Image401.EPS

Volume 14, No 2, Fall 2019 ISSN 1932-1066

Unsettling Jaspers

Historicizing Metaphysical Guilt

Devin Zane Shaw

Douglas College, Canada

devinzshaw@gmail.com

Abstract: My aim is to historicize metaphysical guilt in order to fight back against the rise of the far right and fascism in North America. Departing from Karl Jaspers' book The Question of German Guilt I draw on anti-colonial and Indigenous philosophy such as Eve Tuck and K. Wayne Yang's essay "Decolonization is Not a Metaphor." They debunk what they call "settler moves to innocence," which allow settlers to absolve themselves from guilt and responsibility and to establish and sustain structural racism and colonialism. I also borrow insights from W. E. B. Du Bois' and Aimé Césaire's work. Settler-colonial societies in North America and elsewhere breed fascism. This enabling of the spread of white supremacy is a further reason why epistemic, ontological, and cosmological violence perpetrated by settler invasion needs to be addressed and remedied.

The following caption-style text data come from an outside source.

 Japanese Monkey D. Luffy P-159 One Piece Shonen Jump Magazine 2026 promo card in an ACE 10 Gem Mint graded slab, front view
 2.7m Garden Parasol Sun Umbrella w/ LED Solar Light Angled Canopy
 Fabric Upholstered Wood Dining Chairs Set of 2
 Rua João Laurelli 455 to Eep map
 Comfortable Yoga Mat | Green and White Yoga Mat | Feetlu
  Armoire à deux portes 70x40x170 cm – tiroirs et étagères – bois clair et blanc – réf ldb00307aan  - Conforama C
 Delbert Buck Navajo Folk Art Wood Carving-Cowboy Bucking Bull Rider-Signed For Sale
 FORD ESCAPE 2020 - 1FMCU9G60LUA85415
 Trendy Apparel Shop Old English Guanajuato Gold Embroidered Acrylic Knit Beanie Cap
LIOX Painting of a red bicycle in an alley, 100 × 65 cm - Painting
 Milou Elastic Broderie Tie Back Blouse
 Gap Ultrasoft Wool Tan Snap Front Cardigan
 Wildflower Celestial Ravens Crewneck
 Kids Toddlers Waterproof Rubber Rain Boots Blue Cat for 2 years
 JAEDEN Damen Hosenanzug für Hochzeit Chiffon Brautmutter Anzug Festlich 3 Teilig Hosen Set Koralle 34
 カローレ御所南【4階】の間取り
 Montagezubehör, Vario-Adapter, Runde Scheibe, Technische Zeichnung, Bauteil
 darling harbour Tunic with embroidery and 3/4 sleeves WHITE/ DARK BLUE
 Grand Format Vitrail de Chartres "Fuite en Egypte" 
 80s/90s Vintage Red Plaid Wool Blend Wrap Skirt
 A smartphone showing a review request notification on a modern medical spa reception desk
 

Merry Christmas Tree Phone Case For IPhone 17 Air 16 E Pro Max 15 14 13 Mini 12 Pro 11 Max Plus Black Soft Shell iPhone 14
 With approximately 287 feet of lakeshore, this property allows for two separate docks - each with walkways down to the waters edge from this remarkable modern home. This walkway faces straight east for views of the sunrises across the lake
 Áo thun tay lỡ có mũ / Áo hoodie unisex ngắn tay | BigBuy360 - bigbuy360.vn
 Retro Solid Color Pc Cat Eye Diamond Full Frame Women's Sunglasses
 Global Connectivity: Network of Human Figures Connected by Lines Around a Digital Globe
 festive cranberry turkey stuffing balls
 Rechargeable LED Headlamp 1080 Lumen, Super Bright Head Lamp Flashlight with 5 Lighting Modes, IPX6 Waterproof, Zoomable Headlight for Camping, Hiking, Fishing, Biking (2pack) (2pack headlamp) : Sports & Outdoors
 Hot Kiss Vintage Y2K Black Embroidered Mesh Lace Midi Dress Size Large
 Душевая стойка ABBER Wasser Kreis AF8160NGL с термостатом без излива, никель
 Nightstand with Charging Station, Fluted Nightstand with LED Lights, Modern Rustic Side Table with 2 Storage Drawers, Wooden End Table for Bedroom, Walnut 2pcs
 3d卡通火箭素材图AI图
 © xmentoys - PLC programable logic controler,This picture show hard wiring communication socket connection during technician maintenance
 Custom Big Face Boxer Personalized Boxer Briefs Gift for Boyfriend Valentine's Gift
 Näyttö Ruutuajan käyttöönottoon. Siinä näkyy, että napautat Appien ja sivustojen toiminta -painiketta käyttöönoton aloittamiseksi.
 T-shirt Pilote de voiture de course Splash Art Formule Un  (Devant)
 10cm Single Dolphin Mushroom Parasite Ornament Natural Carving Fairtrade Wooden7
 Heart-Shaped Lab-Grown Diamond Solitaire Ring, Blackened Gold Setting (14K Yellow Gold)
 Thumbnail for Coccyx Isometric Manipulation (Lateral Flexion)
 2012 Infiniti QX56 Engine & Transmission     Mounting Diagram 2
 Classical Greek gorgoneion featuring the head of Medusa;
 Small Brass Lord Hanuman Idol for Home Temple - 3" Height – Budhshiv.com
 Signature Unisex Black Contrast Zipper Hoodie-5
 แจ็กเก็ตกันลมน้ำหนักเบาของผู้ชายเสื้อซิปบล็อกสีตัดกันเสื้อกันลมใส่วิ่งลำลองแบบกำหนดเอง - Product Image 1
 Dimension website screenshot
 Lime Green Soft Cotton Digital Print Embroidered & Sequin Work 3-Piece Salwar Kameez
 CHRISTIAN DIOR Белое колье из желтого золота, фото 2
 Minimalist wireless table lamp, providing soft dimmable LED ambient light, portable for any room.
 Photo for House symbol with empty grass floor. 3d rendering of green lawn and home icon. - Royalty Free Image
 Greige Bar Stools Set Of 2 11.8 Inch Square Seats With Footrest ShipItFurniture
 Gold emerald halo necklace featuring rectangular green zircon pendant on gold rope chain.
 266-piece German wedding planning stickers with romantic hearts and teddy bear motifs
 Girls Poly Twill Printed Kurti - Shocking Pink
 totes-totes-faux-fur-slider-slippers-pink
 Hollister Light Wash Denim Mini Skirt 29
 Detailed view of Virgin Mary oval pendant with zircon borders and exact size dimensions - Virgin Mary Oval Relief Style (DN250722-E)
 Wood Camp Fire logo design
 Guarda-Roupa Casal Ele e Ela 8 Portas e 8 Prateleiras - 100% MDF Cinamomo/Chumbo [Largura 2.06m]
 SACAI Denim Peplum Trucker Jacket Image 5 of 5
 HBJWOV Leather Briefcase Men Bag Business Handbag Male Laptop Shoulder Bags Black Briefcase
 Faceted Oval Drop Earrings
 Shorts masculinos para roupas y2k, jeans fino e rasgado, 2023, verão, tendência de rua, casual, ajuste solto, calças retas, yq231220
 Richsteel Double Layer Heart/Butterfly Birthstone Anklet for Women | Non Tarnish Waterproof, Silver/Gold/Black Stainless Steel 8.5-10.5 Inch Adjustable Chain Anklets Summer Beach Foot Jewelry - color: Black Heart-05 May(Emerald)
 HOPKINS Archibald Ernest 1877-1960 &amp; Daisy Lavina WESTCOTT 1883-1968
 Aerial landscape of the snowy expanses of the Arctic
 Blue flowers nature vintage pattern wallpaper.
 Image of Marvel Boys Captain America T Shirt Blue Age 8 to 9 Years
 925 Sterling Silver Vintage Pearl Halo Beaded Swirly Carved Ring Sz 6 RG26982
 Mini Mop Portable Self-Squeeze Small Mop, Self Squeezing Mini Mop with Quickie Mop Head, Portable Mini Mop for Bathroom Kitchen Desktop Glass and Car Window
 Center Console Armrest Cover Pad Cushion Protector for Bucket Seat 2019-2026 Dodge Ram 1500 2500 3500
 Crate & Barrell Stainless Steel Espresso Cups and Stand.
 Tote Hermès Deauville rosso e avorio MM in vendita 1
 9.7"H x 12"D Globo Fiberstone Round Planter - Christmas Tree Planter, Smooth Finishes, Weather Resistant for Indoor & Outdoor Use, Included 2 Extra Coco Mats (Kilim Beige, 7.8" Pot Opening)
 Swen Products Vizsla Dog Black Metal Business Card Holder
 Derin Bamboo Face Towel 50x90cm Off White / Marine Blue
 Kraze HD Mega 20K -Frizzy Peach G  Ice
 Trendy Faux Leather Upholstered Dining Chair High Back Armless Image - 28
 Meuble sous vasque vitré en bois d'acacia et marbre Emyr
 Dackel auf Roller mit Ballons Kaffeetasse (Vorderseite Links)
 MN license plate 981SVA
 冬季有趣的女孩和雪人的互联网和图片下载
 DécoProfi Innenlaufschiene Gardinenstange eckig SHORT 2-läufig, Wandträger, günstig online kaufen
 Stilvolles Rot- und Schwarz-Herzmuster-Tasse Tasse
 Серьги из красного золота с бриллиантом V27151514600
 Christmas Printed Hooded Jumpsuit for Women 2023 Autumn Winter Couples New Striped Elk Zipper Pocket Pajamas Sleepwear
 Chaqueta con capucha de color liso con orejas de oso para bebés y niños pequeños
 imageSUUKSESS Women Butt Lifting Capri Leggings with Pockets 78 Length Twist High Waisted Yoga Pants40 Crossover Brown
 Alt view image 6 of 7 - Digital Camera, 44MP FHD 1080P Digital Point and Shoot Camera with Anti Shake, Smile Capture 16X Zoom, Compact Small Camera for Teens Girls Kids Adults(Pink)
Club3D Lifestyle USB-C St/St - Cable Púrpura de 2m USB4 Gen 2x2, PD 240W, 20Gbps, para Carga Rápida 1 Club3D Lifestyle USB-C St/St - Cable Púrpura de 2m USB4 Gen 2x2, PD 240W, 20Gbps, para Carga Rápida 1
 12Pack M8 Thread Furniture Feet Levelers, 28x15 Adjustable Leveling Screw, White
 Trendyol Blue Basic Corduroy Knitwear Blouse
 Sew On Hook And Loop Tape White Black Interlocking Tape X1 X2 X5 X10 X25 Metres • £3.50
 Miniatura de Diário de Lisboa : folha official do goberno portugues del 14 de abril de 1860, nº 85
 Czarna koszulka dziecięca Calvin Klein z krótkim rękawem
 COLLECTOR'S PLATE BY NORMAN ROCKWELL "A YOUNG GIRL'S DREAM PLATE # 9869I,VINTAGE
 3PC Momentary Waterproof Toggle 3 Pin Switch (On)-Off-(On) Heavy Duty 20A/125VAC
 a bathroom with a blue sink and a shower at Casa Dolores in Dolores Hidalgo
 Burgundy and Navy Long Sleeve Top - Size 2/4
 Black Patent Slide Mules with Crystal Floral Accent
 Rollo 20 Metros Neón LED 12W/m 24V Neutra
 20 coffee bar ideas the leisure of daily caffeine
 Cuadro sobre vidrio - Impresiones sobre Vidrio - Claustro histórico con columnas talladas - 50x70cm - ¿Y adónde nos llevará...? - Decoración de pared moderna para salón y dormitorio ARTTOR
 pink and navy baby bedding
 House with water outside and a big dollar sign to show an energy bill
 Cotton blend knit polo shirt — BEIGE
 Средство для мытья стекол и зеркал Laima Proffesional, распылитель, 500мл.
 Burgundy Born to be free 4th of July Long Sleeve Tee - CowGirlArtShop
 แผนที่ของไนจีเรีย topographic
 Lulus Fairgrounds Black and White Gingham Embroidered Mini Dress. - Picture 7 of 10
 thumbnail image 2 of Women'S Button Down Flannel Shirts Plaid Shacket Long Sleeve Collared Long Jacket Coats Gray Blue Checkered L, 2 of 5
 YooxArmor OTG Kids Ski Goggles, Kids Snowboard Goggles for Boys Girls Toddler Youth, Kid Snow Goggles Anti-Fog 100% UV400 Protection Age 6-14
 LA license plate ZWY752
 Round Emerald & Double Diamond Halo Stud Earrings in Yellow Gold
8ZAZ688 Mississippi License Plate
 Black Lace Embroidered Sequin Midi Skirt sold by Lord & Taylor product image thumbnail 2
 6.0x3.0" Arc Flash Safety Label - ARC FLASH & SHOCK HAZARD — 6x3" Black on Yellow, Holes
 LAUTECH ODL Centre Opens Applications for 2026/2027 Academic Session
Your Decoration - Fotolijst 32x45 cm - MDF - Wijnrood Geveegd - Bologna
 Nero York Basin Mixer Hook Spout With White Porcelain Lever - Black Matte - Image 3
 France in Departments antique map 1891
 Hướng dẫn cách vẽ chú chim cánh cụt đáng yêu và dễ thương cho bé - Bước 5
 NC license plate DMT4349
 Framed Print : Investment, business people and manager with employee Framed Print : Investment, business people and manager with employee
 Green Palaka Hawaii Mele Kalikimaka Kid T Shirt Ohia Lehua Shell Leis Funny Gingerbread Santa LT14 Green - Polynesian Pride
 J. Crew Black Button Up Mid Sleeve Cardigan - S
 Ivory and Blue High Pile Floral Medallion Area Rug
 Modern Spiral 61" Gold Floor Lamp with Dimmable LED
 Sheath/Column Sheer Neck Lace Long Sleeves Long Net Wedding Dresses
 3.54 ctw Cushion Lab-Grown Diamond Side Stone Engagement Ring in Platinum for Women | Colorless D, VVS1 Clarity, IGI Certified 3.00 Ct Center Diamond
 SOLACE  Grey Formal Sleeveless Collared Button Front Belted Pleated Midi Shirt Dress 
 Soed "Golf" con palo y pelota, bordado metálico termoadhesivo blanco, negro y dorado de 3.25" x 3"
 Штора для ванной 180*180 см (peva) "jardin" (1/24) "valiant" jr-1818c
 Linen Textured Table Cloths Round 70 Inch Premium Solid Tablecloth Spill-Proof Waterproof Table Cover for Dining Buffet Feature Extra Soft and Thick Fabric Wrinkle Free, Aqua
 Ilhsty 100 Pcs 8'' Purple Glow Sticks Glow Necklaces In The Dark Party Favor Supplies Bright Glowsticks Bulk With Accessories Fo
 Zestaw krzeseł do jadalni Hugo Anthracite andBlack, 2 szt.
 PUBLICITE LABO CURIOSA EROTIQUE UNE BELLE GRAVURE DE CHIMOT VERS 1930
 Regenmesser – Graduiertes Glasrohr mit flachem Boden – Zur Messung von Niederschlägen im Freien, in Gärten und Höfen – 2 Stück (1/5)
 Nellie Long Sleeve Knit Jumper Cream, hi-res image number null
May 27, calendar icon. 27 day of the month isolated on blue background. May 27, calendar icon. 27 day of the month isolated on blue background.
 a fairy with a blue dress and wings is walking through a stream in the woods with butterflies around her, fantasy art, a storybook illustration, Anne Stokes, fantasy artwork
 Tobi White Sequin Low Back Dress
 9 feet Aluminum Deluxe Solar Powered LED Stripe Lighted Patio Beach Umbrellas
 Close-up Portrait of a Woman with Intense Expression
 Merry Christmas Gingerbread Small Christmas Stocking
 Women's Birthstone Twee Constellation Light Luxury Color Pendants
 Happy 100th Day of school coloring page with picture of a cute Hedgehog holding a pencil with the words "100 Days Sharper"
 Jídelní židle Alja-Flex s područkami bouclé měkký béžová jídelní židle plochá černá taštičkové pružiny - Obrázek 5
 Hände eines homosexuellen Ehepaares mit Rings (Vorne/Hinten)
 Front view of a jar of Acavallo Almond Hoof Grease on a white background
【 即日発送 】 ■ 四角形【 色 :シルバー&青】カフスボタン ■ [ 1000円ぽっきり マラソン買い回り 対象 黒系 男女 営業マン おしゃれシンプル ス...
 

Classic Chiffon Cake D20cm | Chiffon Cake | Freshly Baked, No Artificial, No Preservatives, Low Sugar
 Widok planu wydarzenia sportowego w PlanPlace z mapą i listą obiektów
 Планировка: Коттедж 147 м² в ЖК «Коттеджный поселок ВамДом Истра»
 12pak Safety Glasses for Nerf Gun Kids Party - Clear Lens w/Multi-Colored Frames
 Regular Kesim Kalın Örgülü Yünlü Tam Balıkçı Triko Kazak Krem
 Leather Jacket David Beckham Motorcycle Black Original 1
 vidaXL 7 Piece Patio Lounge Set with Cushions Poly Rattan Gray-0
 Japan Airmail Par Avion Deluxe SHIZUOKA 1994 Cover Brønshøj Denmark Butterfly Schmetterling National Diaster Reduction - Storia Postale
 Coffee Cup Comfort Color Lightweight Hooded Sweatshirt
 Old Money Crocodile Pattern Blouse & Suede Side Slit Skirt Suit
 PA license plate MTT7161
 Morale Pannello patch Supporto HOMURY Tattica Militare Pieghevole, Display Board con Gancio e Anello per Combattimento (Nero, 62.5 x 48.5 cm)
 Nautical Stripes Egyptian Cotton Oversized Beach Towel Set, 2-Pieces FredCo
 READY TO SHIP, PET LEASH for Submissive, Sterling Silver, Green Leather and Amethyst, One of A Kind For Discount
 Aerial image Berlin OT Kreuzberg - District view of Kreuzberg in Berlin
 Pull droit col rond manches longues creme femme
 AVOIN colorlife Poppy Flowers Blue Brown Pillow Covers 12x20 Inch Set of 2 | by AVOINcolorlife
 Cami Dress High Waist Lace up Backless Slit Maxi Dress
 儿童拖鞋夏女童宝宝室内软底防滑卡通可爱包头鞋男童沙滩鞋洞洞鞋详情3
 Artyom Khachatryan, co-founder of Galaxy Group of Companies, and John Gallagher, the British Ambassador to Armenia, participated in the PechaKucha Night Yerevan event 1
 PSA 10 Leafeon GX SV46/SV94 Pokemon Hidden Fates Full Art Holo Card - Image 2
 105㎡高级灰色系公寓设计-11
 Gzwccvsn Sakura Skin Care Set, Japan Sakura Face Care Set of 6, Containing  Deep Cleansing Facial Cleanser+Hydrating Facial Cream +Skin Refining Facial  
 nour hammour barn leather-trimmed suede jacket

Keywords: Jaspers, Karl; Indigenous philosophy; settlers; colonialism; guilt, political; decolonization; fascism; race philosophy; whiteness; cultural origin.

Image410.PNG

In my recent work, I have been looking at the post-war writings of European antifascist philosophers.1 I have analyzed Jean Paul Sartre's Antisemite and Jew and Simone Beauvoir's Ethics of Ambiguity to assess how we might fight back against the rise of the far right and fascism in North America. At the same time, I have found it necessary to consider these figures of Continental philosophy within the context of the socio-political situations of settler-colonial societies in North America. I believe, drawing on a long line of antifascist and anti-colonial authors, that antifascism entails decolonization. As J. Sakai once noted, "white settler-colonialism and fascism occupy the same ecological niche."2

It is within this framework that I would like to approach Karl Jaspers' book The Question of German Guilt.3 There, Jaspers distinguishes between four concepts of guilt: criminal guilt, political guilt, moral guilt, and metaphysical guilt. At the outset, I assumed that I could read Jaspers in parallel with a well-known essay in the field of Indigenous political thought and settler-colonialism studies by Eve Tuck and K. Wayne Yang, "Decolonization is Not a Metaphor."4 There, the authors analyze a number of what they call settler moves to innocence:

Settler moves to innocence are those strategies or positionings that attempt to relieve the settler of feelings of guilt or responsibility without giving up land or power or privilege, without having to change much at all. [DNM 10]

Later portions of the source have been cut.